The network keeps growing bigger and bigger because we’re offering a compelling value proposition. It takes about five minutes to sign up. Once installed, you’re going to be at least twice as fast and protected against a whole range of attacks, and it decreases the load on your server substantially.
We’ll provide resources that previously only a company like Google could afford, with data centers scattered around the world. We ‘ll make that easy and affordable and scalable for anyone putting content online, whether it’s through traditional websites, modern web applications, or the back end of mobile apps.
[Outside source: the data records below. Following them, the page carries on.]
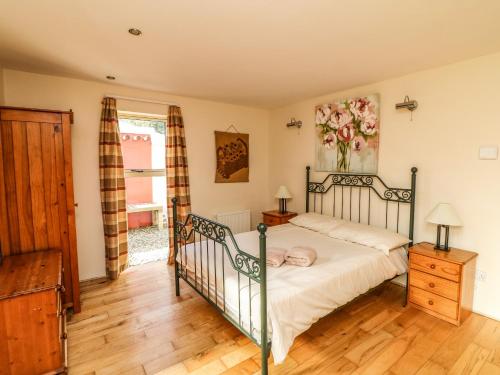 una camera con letto e pavimento in legno di Sutton Cottage a Broadway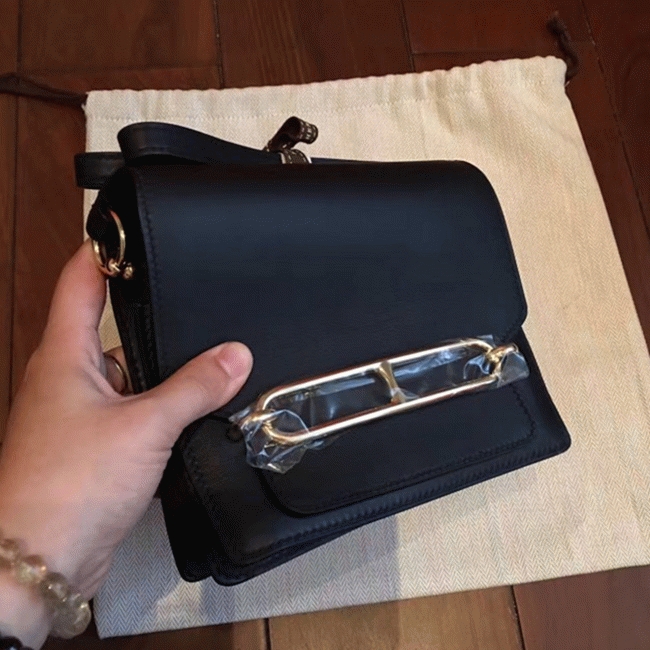 Black knockoff Hermes Mini Sac Roulis handbag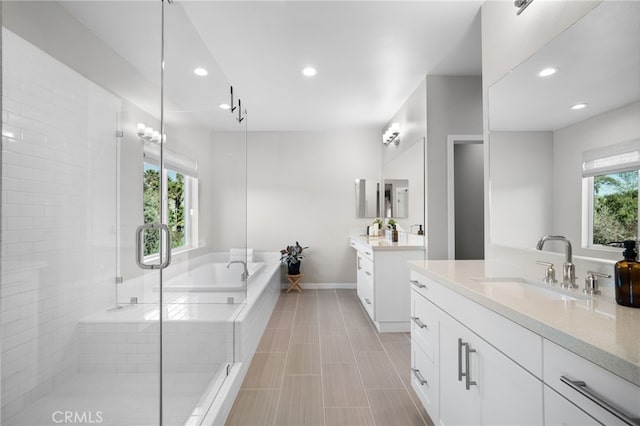 full bathroom featuring recessed lighting, a shower stall, a sink, two vanities, and a bath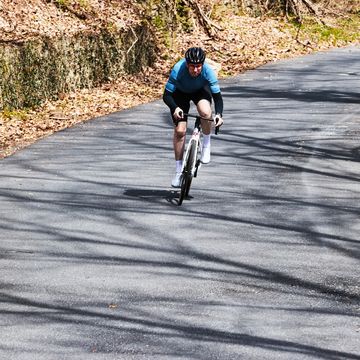 a person riding a bike down a road fast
We make all that faster and better.
Begging And Building Frankenservers
RW: What was the first technical challenge that you wanted to address with CloudFlare?
MP: CloudFlare got born in part out of an open source project Lee and I had started called Project Honey Pot. It’s the largest online community tracking fraud and abuse. It has over 100,000 participants in 190 countries around the world.
When we were first starting CloudFlare, after we graduated from school and moved to California, we didn’t have any money, and we needed some way to build the first prototype. Amazon Web Services was just getting started at the time, and we were trying to figure out how we were going to get servers.
Michelle said, You talk about how loyal this Project Honey Pot community is. What if we just ask them if they have some spare servers lying around? It was an absurd thing, but we started to think, why not?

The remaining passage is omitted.